## TRY IT
Only the text belongs in the copy: repeat each record exactly, without pictures.

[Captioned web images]
^^^^^^^^
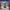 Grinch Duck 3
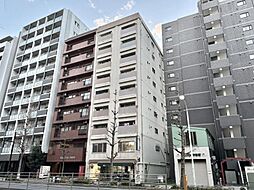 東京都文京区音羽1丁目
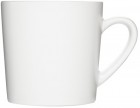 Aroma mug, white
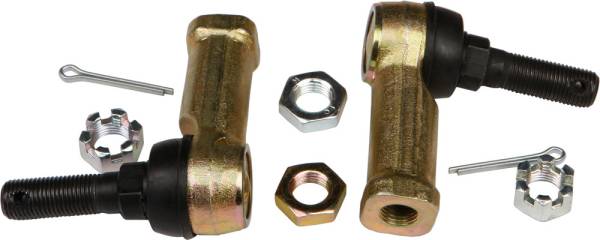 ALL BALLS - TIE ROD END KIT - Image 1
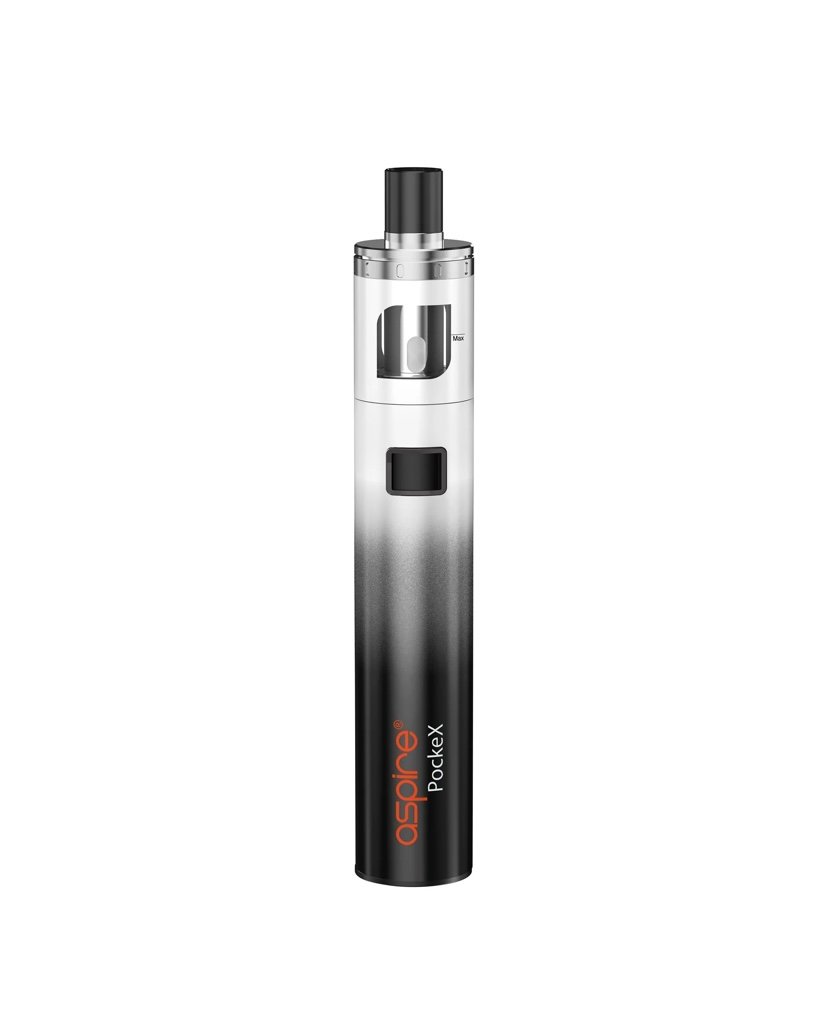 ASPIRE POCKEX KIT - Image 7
^^^^^^^^
## RESULT FOR THIS EXERCISE
 Grinch Duck 3
 東京都文京区音羽1丁目
 Aroma mug, white
 ALL BALLS - TIE ROD END KIT - Image 1
 ASPIRE POCKEX KIT - Image 7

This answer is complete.